Information shown START

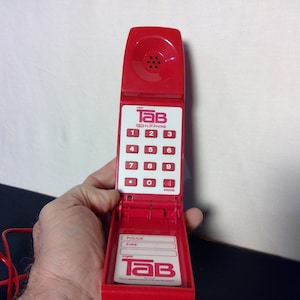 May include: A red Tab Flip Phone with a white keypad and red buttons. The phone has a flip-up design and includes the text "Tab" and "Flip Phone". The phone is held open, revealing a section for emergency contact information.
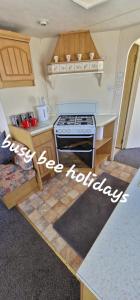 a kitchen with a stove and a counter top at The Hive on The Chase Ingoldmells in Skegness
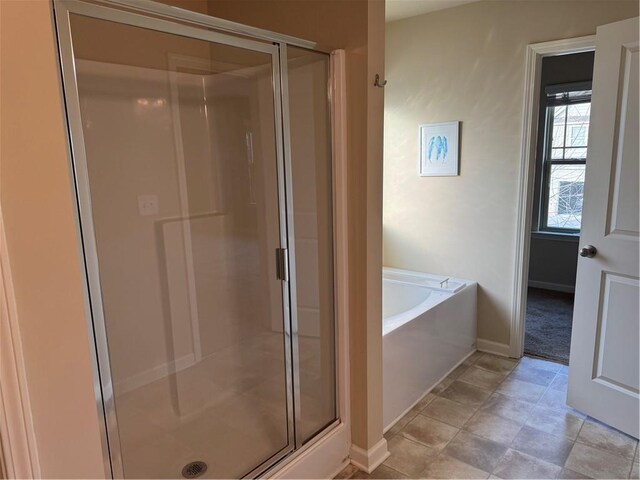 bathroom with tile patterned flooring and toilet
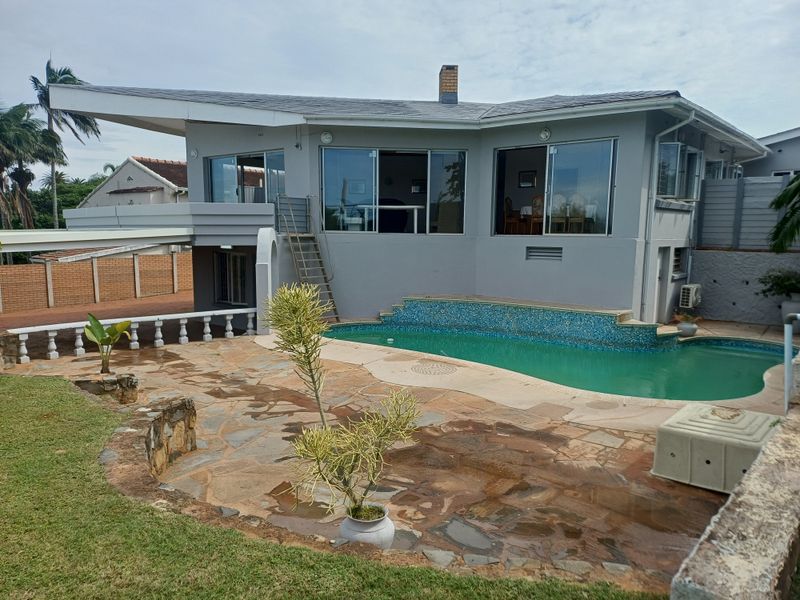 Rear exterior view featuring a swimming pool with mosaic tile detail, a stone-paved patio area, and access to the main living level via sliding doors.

Information shown END

### Work request
The answer must be the full listing, exact in every line, with the pictures removed.

### Task solution
 May include: A red Tab Flip Phone with a white keypad and red buttons. The phone has a flip-up design and includes the text "Tab" and "Flip Phone". The phone is held open, revealing a section for emergency contact information.
 a kitchen with a stove and a counter top at The Hive on The Chase Ingoldmells in Skegness
 bathroom with tile patterned flooring and toilet
 Rear exterior view featuring a swimming pool with mosaic tile detail, a stone-paved patio area, and access to the main living level via sliding doors.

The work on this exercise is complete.